=== ACTIVITY ===
From the first line to the last, print the data exactly.

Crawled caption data
============================================================

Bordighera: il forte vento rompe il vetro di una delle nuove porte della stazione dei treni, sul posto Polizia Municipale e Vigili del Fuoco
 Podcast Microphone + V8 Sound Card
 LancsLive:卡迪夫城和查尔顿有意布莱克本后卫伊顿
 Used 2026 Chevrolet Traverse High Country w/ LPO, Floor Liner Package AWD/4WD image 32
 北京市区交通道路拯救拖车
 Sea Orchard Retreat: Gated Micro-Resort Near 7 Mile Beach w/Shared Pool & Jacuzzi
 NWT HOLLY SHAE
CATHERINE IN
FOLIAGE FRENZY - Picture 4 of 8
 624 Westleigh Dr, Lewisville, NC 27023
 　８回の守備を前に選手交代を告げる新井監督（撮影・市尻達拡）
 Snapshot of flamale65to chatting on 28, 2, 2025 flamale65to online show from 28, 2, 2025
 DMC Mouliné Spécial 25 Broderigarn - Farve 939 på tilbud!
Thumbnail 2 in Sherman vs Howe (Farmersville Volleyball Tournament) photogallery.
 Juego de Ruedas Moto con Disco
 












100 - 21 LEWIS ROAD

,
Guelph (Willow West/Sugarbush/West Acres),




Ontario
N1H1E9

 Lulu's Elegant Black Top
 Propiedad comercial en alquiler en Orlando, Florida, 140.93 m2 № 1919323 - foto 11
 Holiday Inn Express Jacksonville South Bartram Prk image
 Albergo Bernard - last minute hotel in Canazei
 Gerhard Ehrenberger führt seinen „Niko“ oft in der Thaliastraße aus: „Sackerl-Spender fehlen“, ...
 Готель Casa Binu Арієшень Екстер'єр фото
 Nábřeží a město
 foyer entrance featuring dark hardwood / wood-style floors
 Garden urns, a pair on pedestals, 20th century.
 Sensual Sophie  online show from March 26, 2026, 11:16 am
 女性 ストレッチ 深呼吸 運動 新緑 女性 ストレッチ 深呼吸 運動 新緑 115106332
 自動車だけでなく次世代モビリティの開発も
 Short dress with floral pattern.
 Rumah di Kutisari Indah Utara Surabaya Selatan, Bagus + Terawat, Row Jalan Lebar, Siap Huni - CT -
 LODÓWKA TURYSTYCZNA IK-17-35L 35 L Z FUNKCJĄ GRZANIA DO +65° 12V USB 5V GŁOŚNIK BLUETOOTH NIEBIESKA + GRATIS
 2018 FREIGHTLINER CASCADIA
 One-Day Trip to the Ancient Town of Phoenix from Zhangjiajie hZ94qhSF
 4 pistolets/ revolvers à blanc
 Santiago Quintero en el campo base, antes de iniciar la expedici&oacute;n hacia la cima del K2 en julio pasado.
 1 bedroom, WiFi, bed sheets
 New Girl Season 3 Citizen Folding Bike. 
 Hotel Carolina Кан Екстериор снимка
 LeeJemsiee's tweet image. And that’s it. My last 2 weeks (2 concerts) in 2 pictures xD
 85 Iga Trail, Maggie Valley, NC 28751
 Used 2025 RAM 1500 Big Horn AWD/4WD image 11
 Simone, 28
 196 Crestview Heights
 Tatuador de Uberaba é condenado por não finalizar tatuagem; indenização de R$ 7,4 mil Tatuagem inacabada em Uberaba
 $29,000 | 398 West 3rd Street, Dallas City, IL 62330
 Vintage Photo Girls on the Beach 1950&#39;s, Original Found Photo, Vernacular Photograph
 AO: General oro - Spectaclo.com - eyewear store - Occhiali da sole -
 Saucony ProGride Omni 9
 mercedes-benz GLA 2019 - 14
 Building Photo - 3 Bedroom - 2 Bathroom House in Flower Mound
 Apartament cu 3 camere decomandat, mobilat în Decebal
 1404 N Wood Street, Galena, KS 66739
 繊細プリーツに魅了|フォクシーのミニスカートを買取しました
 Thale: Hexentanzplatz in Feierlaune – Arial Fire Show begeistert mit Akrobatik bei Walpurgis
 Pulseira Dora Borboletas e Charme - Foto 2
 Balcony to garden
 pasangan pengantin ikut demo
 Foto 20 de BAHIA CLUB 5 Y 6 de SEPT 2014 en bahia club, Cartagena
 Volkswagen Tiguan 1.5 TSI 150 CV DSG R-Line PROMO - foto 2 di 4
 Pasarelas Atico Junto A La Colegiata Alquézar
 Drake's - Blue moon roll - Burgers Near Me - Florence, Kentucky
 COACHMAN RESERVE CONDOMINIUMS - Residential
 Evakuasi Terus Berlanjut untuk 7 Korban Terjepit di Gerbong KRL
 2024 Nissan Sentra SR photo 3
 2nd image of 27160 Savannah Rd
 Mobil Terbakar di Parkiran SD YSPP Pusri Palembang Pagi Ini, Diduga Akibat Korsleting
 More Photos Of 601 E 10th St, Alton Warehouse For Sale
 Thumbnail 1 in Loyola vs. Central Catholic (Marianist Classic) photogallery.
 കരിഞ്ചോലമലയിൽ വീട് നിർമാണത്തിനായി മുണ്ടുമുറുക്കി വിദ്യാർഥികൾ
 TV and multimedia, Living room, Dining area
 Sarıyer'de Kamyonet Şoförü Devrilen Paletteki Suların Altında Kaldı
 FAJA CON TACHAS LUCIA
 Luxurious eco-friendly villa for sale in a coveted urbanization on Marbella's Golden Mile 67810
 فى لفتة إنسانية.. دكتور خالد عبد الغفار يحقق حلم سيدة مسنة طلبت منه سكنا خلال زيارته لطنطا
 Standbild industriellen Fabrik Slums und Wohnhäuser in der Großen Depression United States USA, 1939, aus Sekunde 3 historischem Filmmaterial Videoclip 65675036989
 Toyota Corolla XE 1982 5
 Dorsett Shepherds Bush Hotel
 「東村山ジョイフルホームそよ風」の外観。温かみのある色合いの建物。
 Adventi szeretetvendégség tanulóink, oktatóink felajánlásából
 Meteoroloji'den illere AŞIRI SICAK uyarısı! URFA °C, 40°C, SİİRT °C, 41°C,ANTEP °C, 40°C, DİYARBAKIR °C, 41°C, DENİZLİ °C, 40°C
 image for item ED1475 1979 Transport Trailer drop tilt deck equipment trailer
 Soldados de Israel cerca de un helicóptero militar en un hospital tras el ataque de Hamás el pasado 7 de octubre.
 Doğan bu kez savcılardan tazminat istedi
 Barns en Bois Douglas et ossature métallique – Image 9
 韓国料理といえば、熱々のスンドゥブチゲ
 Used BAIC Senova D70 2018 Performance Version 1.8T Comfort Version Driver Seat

============================================================

=== ANSWER TO THIS PROBLEM ===
Bordighera: il forte vento rompe il vetro di una delle nuove porte della stazione dei treni, sul posto Polizia Municipale e Vigili del Fuoco
 Podcast Microphone + V8 Sound Card
 LancsLive:卡迪夫城和查尔顿有意布莱克本后卫伊顿
 Used 2026 Chevrolet Traverse High Country w/ LPO, Floor Liner Package AWD/4WD image 32
 北京市区交通道路拯救拖车
 Sea Orchard Retreat: Gated Micro-Resort Near 7 Mile Beach w/Shared Pool & Jacuzzi
 NWT HOLLY SHAE
CATHERINE IN
FOLIAGE FRENZY - Picture 4 of 8
 624 Westleigh Dr, Lewisville, NC 27023
 　８回の守備を前に選手交代を告げる新井監督（撮影・市尻達拡）
 Snapshot of flamale65to chatting on 28, 2, 2025 flamale65to online show from 28, 2, 2025
 DMC Mouliné Spécial 25 Broderigarn - Farve 939 på tilbud!
Thumbnail 2 in Sherman vs Howe (Farmersville Volleyball Tournament) photogallery.
 Juego de Ruedas Moto con Disco
 












100 - 21 LEWIS ROAD

,
Guelph (Willow West/Sugarbush/West Acres),




Ontario
N1H1E9

 Lulu's Elegant Black Top
 Propiedad comercial en alquiler en Orlando, Florida, 140.93 m2 № 1919323 - foto 11
 Holiday Inn Express Jacksonville South Bartram Prk image
 Albergo Bernard - last minute hotel in Canazei
 Gerhard Ehrenberger führt seinen „Niko“ oft in der Thaliastraße aus: „Sackerl-Spender fehlen“, ...
 Готель Casa Binu Арієшень Екстер'єр фото
 Nábřeží a město
 foyer entrance featuring dark hardwood / wood-style floors
 Garden urns, a pair on pedestals, 20th century.
 Sensual Sophie  online show from March 26, 2026, 11:16 am
 女性 ストレッチ 深呼吸 運動 新緑 女性 ストレッチ 深呼吸 運動 新緑 115106332
 自動車だけでなく次世代モビリティの開発も
 Short dress with floral pattern.
 Rumah di Kutisari Indah Utara Surabaya Selatan, Bagus + Terawat, Row Jalan Lebar, Siap Huni - CT -
 LODÓWKA TURYSTYCZNA IK-17-35L 35 L Z FUNKCJĄ GRZANIA DO +65° 12V USB 5V GŁOŚNIK BLUETOOTH NIEBIESKA + GRATIS
 2018 FREIGHTLINER CASCADIA
 One-Day Trip to the Ancient Town of Phoenix from Zhangjiajie hZ94qhSF
 4 pistolets/ revolvers à blanc
 Santiago Quintero en el campo base, antes de iniciar la expedici&oacute;n hacia la cima del K2 en julio pasado.
 1 bedroom, WiFi, bed sheets
 New Girl Season 3 Citizen Folding Bike. 
 Hotel Carolina Кан Екстериор снимка
 LeeJemsiee's tweet image. And that’s it. My last 2 weeks (2 concerts) in 2 pictures xD
 85 Iga Trail, Maggie Valley, NC 28751
 Used 2025 RAM 1500 Big Horn AWD/4WD image 11
 Simone, 28
 196 Crestview Heights
 Tatuador de Uberaba é condenado por não finalizar tatuagem; indenização de R$ 7,4 mil Tatuagem inacabada em Uberaba
 $29,000 | 398 West 3rd Street, Dallas City, IL 62330
 Vintage Photo Girls on the Beach 1950&#39;s, Original Found Photo, Vernacular Photograph
 AO: General oro - Spectaclo.com - eyewear store - Occhiali da sole -
 Saucony ProGride Omni 9
 mercedes-benz GLA 2019 - 14
 Building Photo - 3 Bedroom - 2 Bathroom House in Flower Mound
 Apartament cu 3 camere decomandat, mobilat în Decebal
 1404 N Wood Street, Galena, KS 66739
 繊細プリーツに魅了|フォクシーのミニスカートを買取しました
 Thale: Hexentanzplatz in Feierlaune – Arial Fire Show begeistert mit Akrobatik bei Walpurgis
 Pulseira Dora Borboletas e Charme - Foto 2
 Balcony to garden
 pasangan pengantin ikut demo
 Foto 20 de BAHIA CLUB 5 Y 6 de SEPT 2014 en bahia club, Cartagena
 Volkswagen Tiguan 1.5 TSI 150 CV DSG R-Line PROMO - foto 2 di 4
 Pasarelas Atico Junto A La Colegiata Alquézar
 Drake's - Blue moon roll - Burgers Near Me - Florence, Kentucky
 COACHMAN RESERVE CONDOMINIUMS - Residential
 Evakuasi Terus Berlanjut untuk 7 Korban Terjepit di Gerbong KRL
 2024 Nissan Sentra SR photo 3
 2nd image of 27160 Savannah Rd
 Mobil Terbakar di Parkiran SD YSPP Pusri Palembang Pagi Ini, Diduga Akibat Korsleting
 More Photos Of 601 E 10th St, Alton Warehouse For Sale
 Thumbnail 1 in Loyola vs. Central Catholic (Marianist Classic) photogallery.
 കരിഞ്ചോലമലയിൽ വീട് നിർമാണത്തിനായി മുണ്ടുമുറുക്കി വിദ്യാർഥികൾ
 TV and multimedia, Living room, Dining area
 Sarıyer'de Kamyonet Şoförü Devrilen Paletteki Suların Altında Kaldı
 FAJA CON TACHAS LUCIA
 Luxurious eco-friendly villa for sale in a coveted urbanization on Marbella's Golden Mile 67810
 فى لفتة إنسانية.. دكتور خالد عبد الغفار يحقق حلم سيدة مسنة طلبت منه سكنا خلال زيارته لطنطا
 Standbild industriellen Fabrik Slums und Wohnhäuser in der Großen Depression United States USA, 1939, aus Sekunde 3 historischem Filmmaterial Videoclip 65675036989
 Toyota Corolla XE 1982 5
 Dorsett Shepherds Bush Hotel
 「東村山ジョイフルホームそよ風」の外観。温かみのある色合いの建物。
 Adventi szeretetvendégség tanulóink, oktatóink felajánlásából
 Meteoroloji'den illere AŞIRI SICAK uyarısı! URFA °C, 40°C, SİİRT °C, 41°C,ANTEP °C, 40°C, DİYARBAKIR °C, 41°C, DENİZLİ °C, 40°C
 image for item ED1475 1979 Transport Trailer drop tilt deck equipment trailer
 Soldados de Israel cerca de un helicóptero militar en un hospital tras el ataque de Hamás el pasado 7 de octubre.
 Doğan bu kez savcılardan tazminat istedi
 Barns en Bois Douglas et ossature métallique – Image 9
 韓国料理といえば、熱々のスンドゥブチゲ
 Used BAIC Senova D70 2018 Performance Version 1.8T Comfort Version Driver Seat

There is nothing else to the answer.